The jump in yields on U.S. government debt, which act as a benchmark for many lending rates, particularly mortgages, also drew sharply differ views at the Reuters Investment Summit Outlook in New York on the extent to which they could contribute to another leg down in housing prices.

The collapse of the housing market was a key factor in driving the economy into recession, and its recovery is seen equally key to the economy's return to growth. Lower housing prices have contributed to high foreclosure rates, with cash-strapped borrowers unable to sell at prices that allow them to pay off their mortgages.

Abby Joseph Cohen, senior investment strategist at Goldman Sachs, said the rising interest rates showed that investors are becoming less risk averse as worst-case scenarios for financial markets and the economy have not played out.

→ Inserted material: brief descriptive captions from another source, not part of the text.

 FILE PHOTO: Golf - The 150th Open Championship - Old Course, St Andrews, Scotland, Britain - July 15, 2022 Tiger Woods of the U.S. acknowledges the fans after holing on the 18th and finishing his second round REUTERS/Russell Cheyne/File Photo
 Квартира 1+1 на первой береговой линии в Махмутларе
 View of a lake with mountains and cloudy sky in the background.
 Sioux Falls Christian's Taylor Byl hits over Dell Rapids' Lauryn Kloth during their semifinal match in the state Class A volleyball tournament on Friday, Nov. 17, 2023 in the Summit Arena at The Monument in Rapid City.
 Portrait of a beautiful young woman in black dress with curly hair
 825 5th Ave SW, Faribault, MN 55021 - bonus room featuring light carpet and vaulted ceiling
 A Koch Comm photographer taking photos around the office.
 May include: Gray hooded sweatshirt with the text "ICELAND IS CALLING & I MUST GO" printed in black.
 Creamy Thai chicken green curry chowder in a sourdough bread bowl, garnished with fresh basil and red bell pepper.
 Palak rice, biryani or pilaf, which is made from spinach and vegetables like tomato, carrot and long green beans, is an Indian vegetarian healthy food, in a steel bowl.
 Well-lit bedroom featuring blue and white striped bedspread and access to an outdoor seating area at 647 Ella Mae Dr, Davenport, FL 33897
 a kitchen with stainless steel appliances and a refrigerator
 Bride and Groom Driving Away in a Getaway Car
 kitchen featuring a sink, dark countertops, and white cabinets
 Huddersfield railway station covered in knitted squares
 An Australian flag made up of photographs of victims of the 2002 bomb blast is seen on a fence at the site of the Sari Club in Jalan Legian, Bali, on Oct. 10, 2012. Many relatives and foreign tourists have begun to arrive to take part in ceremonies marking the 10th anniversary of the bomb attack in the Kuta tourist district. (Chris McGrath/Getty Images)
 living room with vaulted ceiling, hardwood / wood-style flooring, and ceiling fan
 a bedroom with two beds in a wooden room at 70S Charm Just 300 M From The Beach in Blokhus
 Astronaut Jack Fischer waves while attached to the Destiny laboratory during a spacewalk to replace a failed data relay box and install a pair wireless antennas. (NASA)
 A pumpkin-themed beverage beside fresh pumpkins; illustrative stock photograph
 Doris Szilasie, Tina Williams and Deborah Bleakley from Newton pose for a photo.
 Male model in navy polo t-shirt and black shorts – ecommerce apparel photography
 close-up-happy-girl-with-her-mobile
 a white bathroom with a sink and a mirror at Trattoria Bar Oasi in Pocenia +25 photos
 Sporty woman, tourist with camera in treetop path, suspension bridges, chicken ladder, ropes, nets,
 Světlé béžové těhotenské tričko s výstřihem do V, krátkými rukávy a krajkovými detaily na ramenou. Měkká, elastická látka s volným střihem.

"As we move back to normal, money would naturally come out of Treasuries and into other assets," she said, adding that part of the move is "a vote of confidence in the economic future."

By contrast, fears of high inflation are "spectacularly premature," Cohen said. "We just don't see that inflation is going to rear its ugly head."

She cited low capacity utilization of U.S. businesses, a high jobless rate and stagnant wages -- a major cost of business -- as evidence that inflation is not a worry.

Several Federal Reserve officials have recently talked at length about the threat of inflation. They say the U.S. central bank needs to start reversing monetary policies undertaken to loosen crippled credit markets, including rock-bottom interest rates, as soon as feasible.

The benchmark 10-year Treasury note yield briefly traded above 4 percent last week, up from about 3.08 percent in mid-May -- a sudden sharp increase that quickly caused mortgage rates to rise and mortgage activity to decline.

"There is a fundamental mismatch between available credit and available buyers. Not enough people can afford loans to absorb housing at its current prices," said Sean Dobson, chief executive officer Amherst Holdings LLC.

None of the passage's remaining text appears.